Second, let's be clear that it's very possible to have a successful programming career without knowing C++. In fact, I'd expect that most programmers fall into this category. So you certainly don't need to learn C++.
That leaves two possible reasons to learn C++:
Self-improvement
Changing career track
#2 is simple. If you want to transition to a field where C++ is the dominant language, learning it would obviously be a good idea. You mentioned graphics programming as an example, and if you want to do that for a living, learning C++ will probably be a good idea. (however, I don't think it's a particularly good suggestion for "insights that will help throughout your live as a programmer". There are other fields that are much more generally applicable. Learning graphics programming will teach you graphics programming, and not much else.)
That leaves #1, which is a bit more interesting. Will you become a better programmer simply by knowing C++? Perhaps, but not as much as some may think. There are several useful things that C++ may teach you, but there also seems to be a fair bit of superstition about it: it's low-level and has pointers, so by learning C++, you will achieve enlightenment.
If you want to understand what goes on under the hood, C or C++ will be helpful, sure, but you could cut out the middle man and just go directly into learning about compilers. That'd give you an even better idea. Supplement that with some basic information on how CPU's work, and a bit about operating systems as well, and you've learned all the underlying stuff much better than you would from C++.
However, some things I believe are worth picking up from C++, in no particular order:
(several of them are likely to make you despair at C#, which, despite adopting a lot of brilliant features, is still missing out some that to a C++ programmer seems blindingly obvious)
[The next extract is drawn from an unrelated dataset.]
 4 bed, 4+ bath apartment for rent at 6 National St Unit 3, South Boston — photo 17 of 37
Paranoia: Becoming good at C++ implies becoming a bit of a language lawyer. The language leaves a lot of things undefined or unspecified, so a good C++ programmer is paranoid. "The code I just wrote looks ok, and it seems to be have ok when I run it - but is it well-defined by the standard? Will it break tomorrow, on his computer, or when I compile with an updated compiler? I have to check the standard". That's less necessary in other languages, but it may still be a healthy experience to carry with you. Sometimes, the compiler doesn't have the final word.
RAII: C++ has pioneered a pretty clever way to deal with resource management (including the dreaded memory management). Create an object on the stack, which in its constructor acquires the resource in question (database connection, chunk of memory, a file, a network socket or whatever else), and in its destructor ensures that this resource is released. This simple mechanism means that you virtually never write new/delete in your top level code, it is always hidden inside constructors or destructors. And because destructors are guaranteed to execute when the object goes out of scope, even if an exception is thrown, your resource is guaranteed to be released. No memory leaks, no unclosed database connections. C# doesn't directly support this, but being familiar with the technique sometimes lets you see a way to emulate it in C#, in the cases where it's useful. (Obviously memory management isn't a concern, but ensuring that database connections are released quickly might still be)
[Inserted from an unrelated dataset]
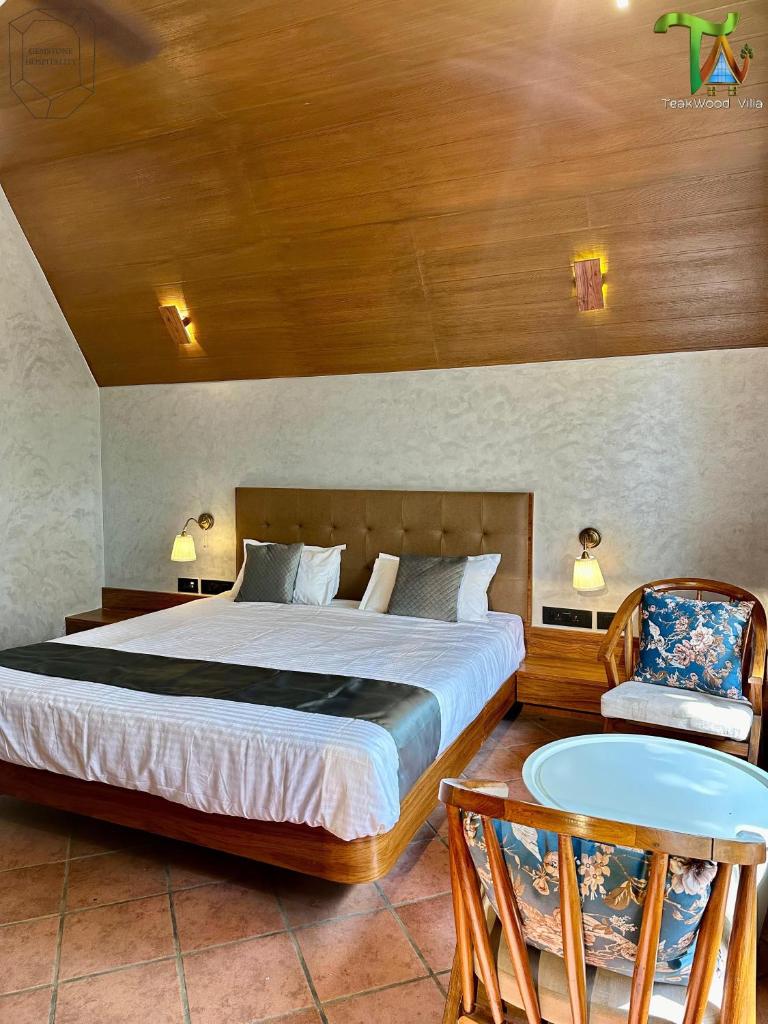 Luxurious 3BHK W//Pool Teakwood Villa By Gemstone Hospitality photo 2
Generic programming, templates, the STL and metaprogramming: The C++ standard library (or the part of it commonly known as the STL) is a pretty interesting example of library design. In some ways, it is lightyears ahead of .NET or Java's class libraries, although LINQ has patched up some of the worst shortcomings of .NET. Learning about it might give you some useful insights into clever ways to work with sequences or sets of data. It also has a strong flavor of functional programming, which is always nice to poke around with. It's implemented in terms of templates, which are another remarkable feature of C++, and template metaprogramming may be beneficial to learn about as well. Not because it is directly applicable to many other languages, but because it might give you some ideas for writing more generic code in other languages as well.
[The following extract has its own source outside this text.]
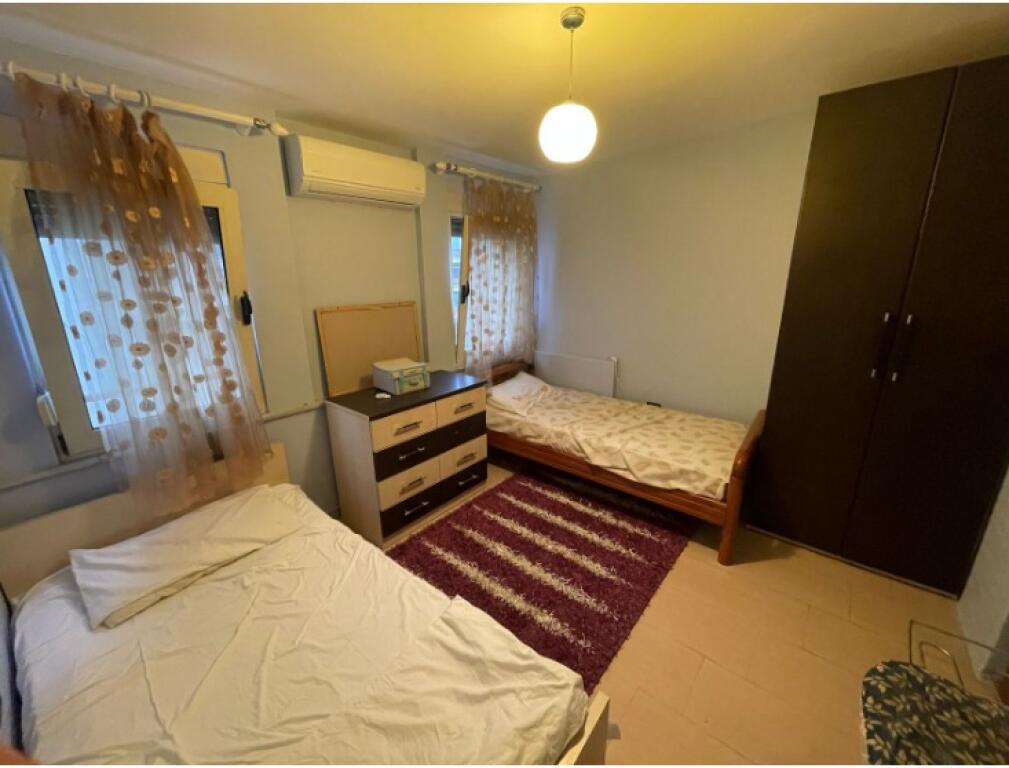 🏢Apartament 3+1 me Qira Pranë ish-Tregut Elektrik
Straightforward mapping to hardware: C++ isn't necessarily a low level language. But most of its abstractions have been modelled so that they can be implemented to map directly to common hardware features. That means it might help provide a good understanding of the "magic" that occurs between your managed .net code and the CPU at the other end. How is the CLR implemented, what do the heap and stack actually mean, and so on.
p/invoke: Let's face it, sometimes, .NET doesn't offer the functionality you need. You have to call some unmanaged code. And then it's useful to actually know the language you might be using. (if you can get around it with just a single pinvoke call, you only need to be able to read C function signatures on MSDN so you know which arguments to pass, but sometimes, it may be preferable to write your own C++ wrapper, and call into that instead.
I don't know if you should learn C++. There are valid reasons why doing so may make you a better programmer, but then again, there are plenty of other things you could spend your time on that would also make you a better programmer. The choice is yours. :)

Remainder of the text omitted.